Of the 24 studies identified, 16 were retrospective population-based cohort studies; 8 studies were observational.
Overall, the evidence presented in the reviewed articles demonstrates that the respiratory vulnerability of preterm infants born at 32 to 36 weeks’ GA, usually considered to be at low risk for subsequent respiratory problems, is more similar to that of very preterm infants (<32 weeks’ GA) than that of term infants. Therefore, these infants carry a high risk of developing medical complications that result in higher rates of respiratory morbidity and mortality compared with term infants. In detail, they present higher rates of hospital readmission shortly after discharge and during the following 6 months, longer hospital stays, and increased health care use compared with term infants.
Infants born at 30 to 34 weeks’ GA without clinical lung disease have altered lung function that persists throughout infancy. Moreover, the observation of a direct association between premature birth and reduced forced expiratory flows suggests that interruption of lung development is an important determinant of the subsequent increase in respiratory morbidity. These deficits seem to persist until early adulthood and, if associated with lower respiratory illnesses, may increase the risk of chronic obstructive pulmonary disease later in life.

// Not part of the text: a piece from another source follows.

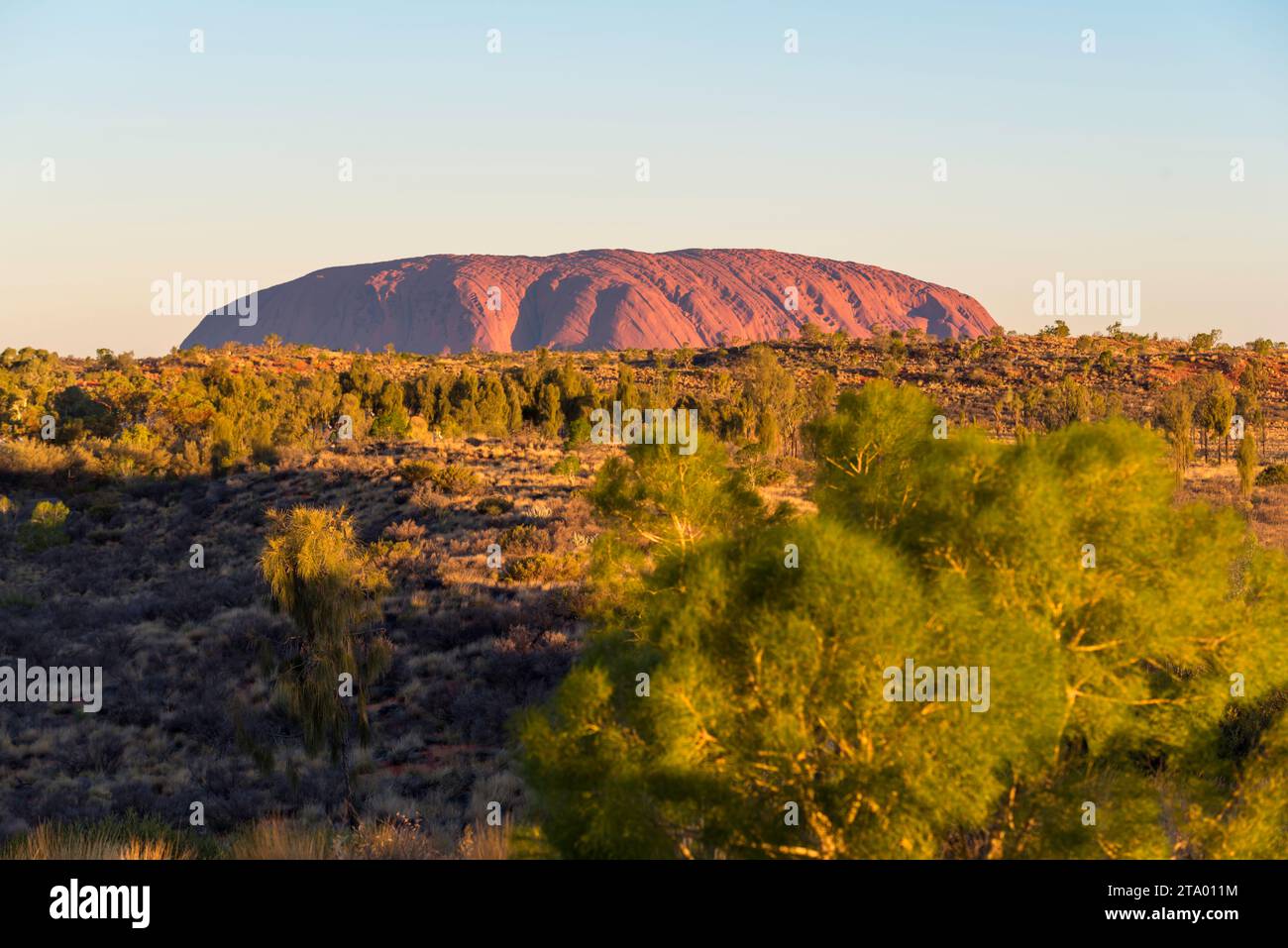 Ein Bild des Uluru am späten Nachmittag vom Ayers Rock Resort im Northern Territory in Zentral-Australien Stockfoto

One of the consequences of altered lung development in preterm infants is their increased vulnerability to infections by respiratory syncytial virus (RSV). The reviewed studies have suggested that preterm birth at 33 to 35 weeks’ GA significantly increases the risk for severe outcomes among infants who are hospitalized for RSV. Of note, RSV hospitalization in healthy premature infants (32 to 35 weeks’ GA) is associated with a significant increase in subsequent health care resource use. It has been suggested that the pathogenesis of viral lower respiratory tract infection could be related to the failure to develop an adaptive cytotoxic T-lymphocyte response and that clearance of the virus depends on inefficient innate immune responses mediated by macrophages and neutrophils. These factors may be more pronounced in premature infants.
The above-described findings should be considered by health-care providers when making decisions regarding delivery of late-preterm infants and by clinicians involved in the care of young patients. However, further research efforts are needed to shed new light on the vulnerability of lungs in preterm infants.